Magmato-tectonic interactions

Magma intrusions have a strong influence on the deformation of volcanic edifices which is recorded through the use of geophysical tools (e.g., satellites, GPS) [McGuire et al., 1995; Wang et al., 2018]. Understanding these measurements relies on physical models using analogue materials (e.g., [van Wyk de Vries et al., 2000; Norini and Acocella, 2011]) or numerical methods (e.g., [Lisowski, 2006; Casagli et al., 2009]).

Using analogue models, we have shown that magma intrusions within a volcanic edifice can have a strong influence on their internal deformation. Intrusions tend to bulldozed unbuttressed flanks which can on one side clamp tectonic faults, i.e., inhibit tectonic faulting, and on the other side favor movements along detachment within or a decollement at the base of the volcanic edifice (Fig. 1) [Le Corvec and Walter, 2009; Chaput et al., 2014; Le Corvec et al., 2014].

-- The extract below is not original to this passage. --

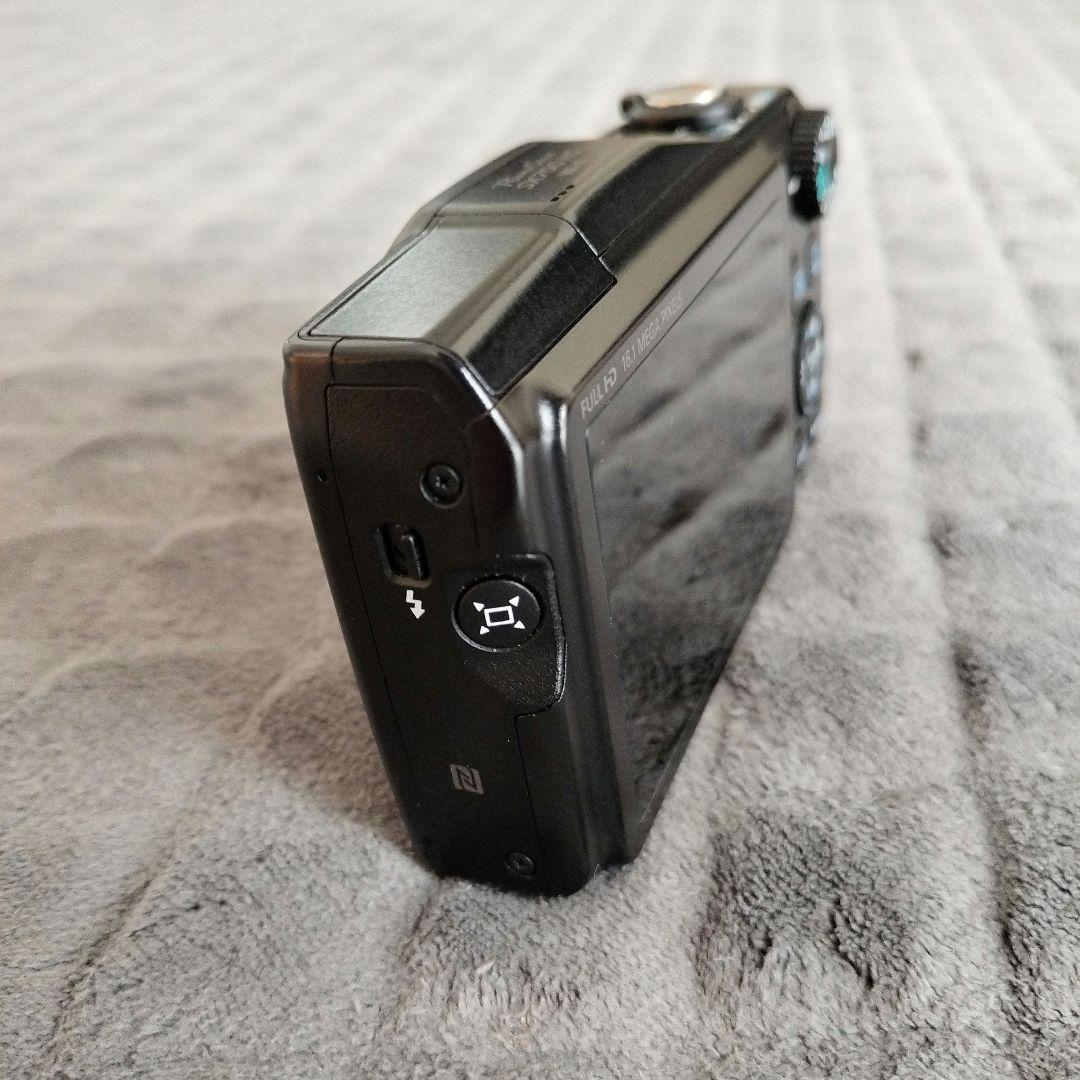 Canon PowerShot SX700 HS 本体と付属品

Figure 1: Internal deformation and magmatic activity of oceanic volcanic islands for 1. Hawaii (spreading model with a basal decollement) and 2. La Réunion (non-spreading model with an internal detachment). a. Sketches highlighting the differences in deformation and magmatic activity between Hawaiian and Reunion-like volcanoes. Reworked from Chaput et al. [2014]. b) and c) Analogue experiments and their structural interpretation for a spreading (1b and 1c) and non-spreading model (2b and 2c). Digital image correlation (DIC) technique enables the recognition of shear zones through the analysis of particle displacement. Reworked from Le Corvec and Walter [2009].